A version of this article was published in The Daily Record on July 31, 2013.
On July 12, Howard County reimbursed five taxpayers for $587,151.56 in connection with recordation taxes that they had paid under protest. This amount includes $499,112.50 for the amount of the taxes that the County forced the taxpayers to pay plus $88,039.06 in interest as required by Maryland law.
As reported in this column in June, the Circuit Court for Howard County held on June 13 that Howard County improperly required the five taxpayers to pay taxes on indemnity deeds of trust (“IDOTs”) in cases where the borrowers had defaulted on loans. The court ruled that the party responsible to pay the tax is the guarantor who executed the IDOT. None of the five affected taxpayers was a borrower or a guarantor of the subject loans. The case is Howard County Department of Finance v. Atapco Howard Square I Business Trust, et al., Circuit Court for Howard County Case No.: 13-C-12-092323.
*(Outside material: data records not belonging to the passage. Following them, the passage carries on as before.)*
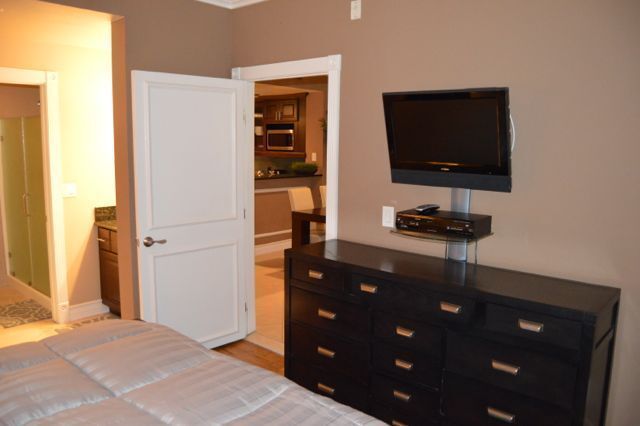 Building Photo - Meridian Furnished 2 Bd / 2 Ba Luxury Condo - Resort Style Living.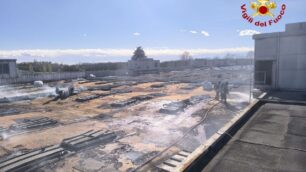 I vigili del fuoco sul tetto del capannone a Vimercate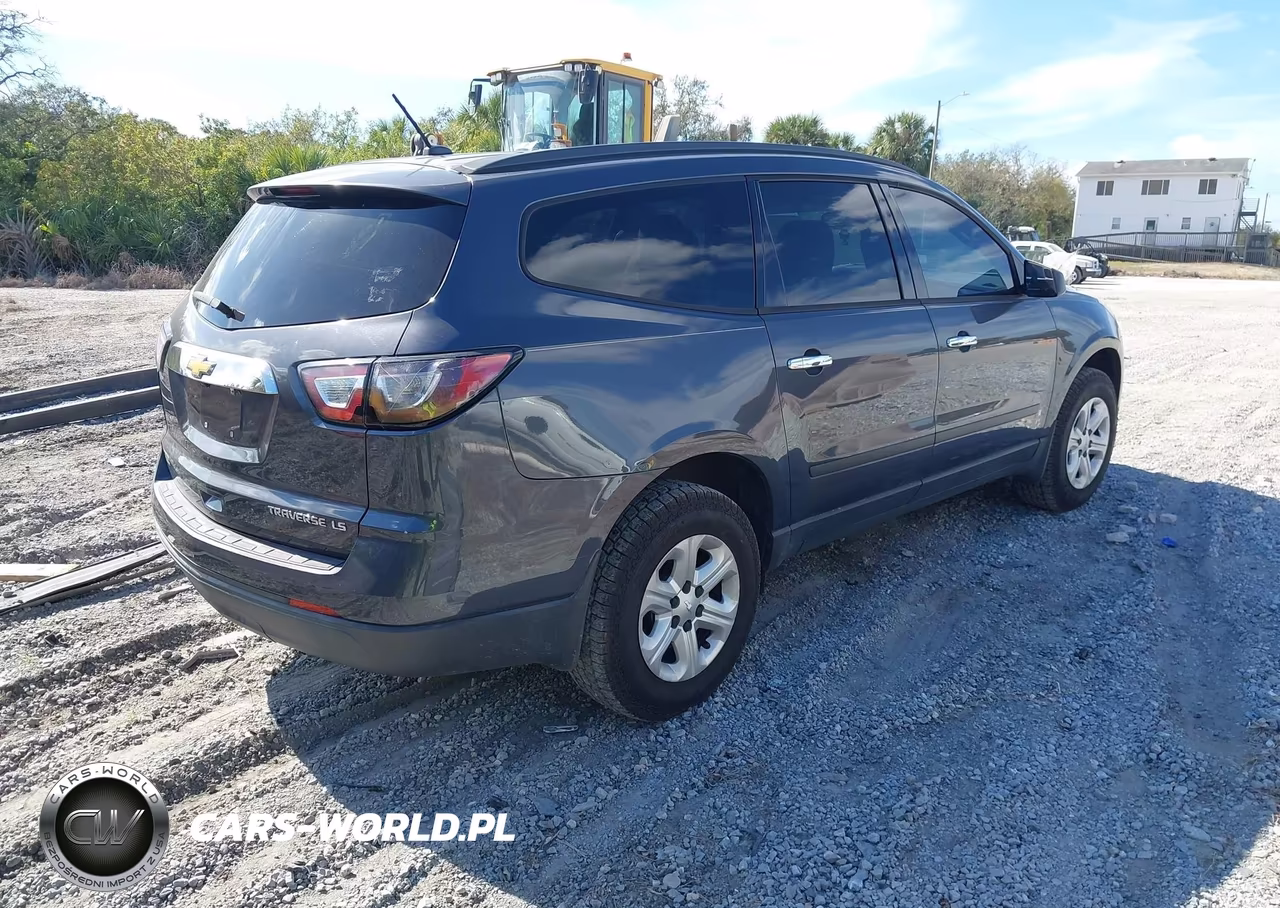 2014 Chevrolet Traverse Ls VIN:1GNKRFED8EJ196887 - 4
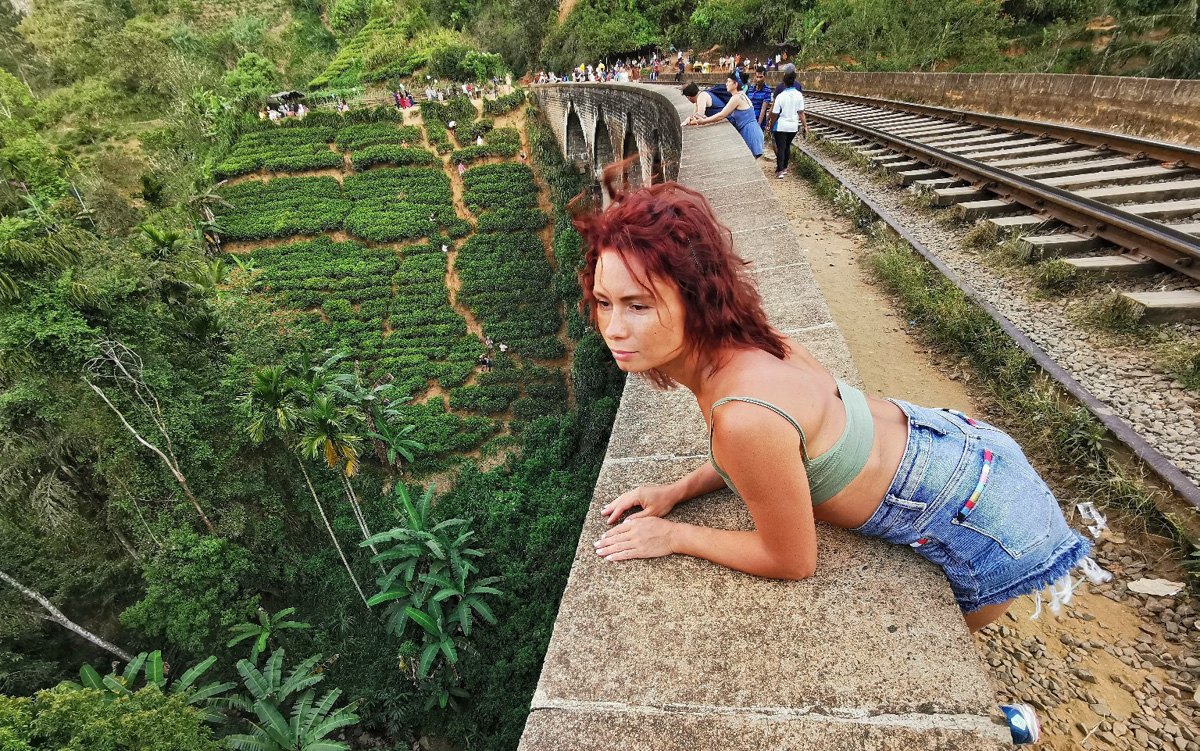 На финиш престижного забега в турецкой Аланье марафонец из Владимира Артем Куфтырев пришел первым. Но не один, а вместе со своими детьми. Нога в ногу пересекли финишную черту, втроем поднялись на пьедестал. И этот случай не единичный. Семья сопровождает Артема на всех соревнованиях и даже сборах. Вместе путешествуют по миру.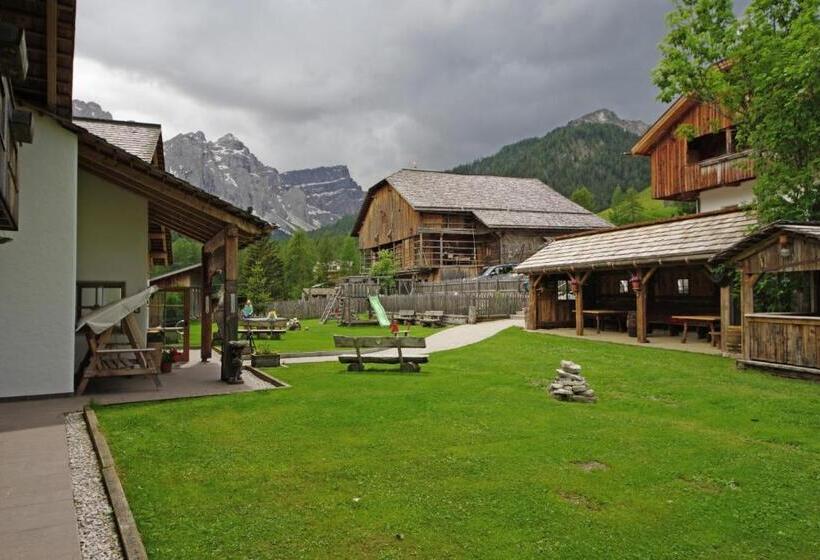 בית מלון כפרי Pension Odles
The Atapco case involved seven underlying matters. In most of them, lenders foreclosed under IDOTs that had gone into default, and the purchasers at the foreclosures tried to record deeds by tendering only the recordation and transfer taxes due on the deeds themselves. Howard County refused to record the deeds until the recordation taxes on the prior IDOTs were paid. The purchasers of the properties paid the recordation taxes and filed for refunds. The Maryland Tax Court (an administrative agency) ruled for the taxpayers in August 2012 and Howard County appealed, but the Circuit Court agreed with the Tax Court.
As previous columns on this topic have explained, IDOTs are security instruments that have been used in Maryland for decades. Most IDOT transactions involve a loan made by a lender to a borrower that is guaranteed by a different person or entity which owns real property. To secure the guaranty, the guarantor grants to the lender an IDOT on the property it owns. An IDOT is an effective financing structure if at the time the loan is made the guarantor is not primarily liable to the lender. Instead, when the IDOT is recorded the guaranty is contingent on the occurrence of an event, such as a default under the loan to the borrower.
The Maryland Attorney General issued opinions in 1973 and 1989 which stated that IDOTs could be recorded without payment of recordation tax. Those opinions also stated that when there is a default under the loan the recordation tax becomes due, and it is the guarantor who must pay the tax. The Tax Court and the Circuit Court agreed with the Attorney General’s opinions.
Ed Levin and George Ritchie at Gordon Feinblatt LLC in Baltimore represented the taxpayers in the case.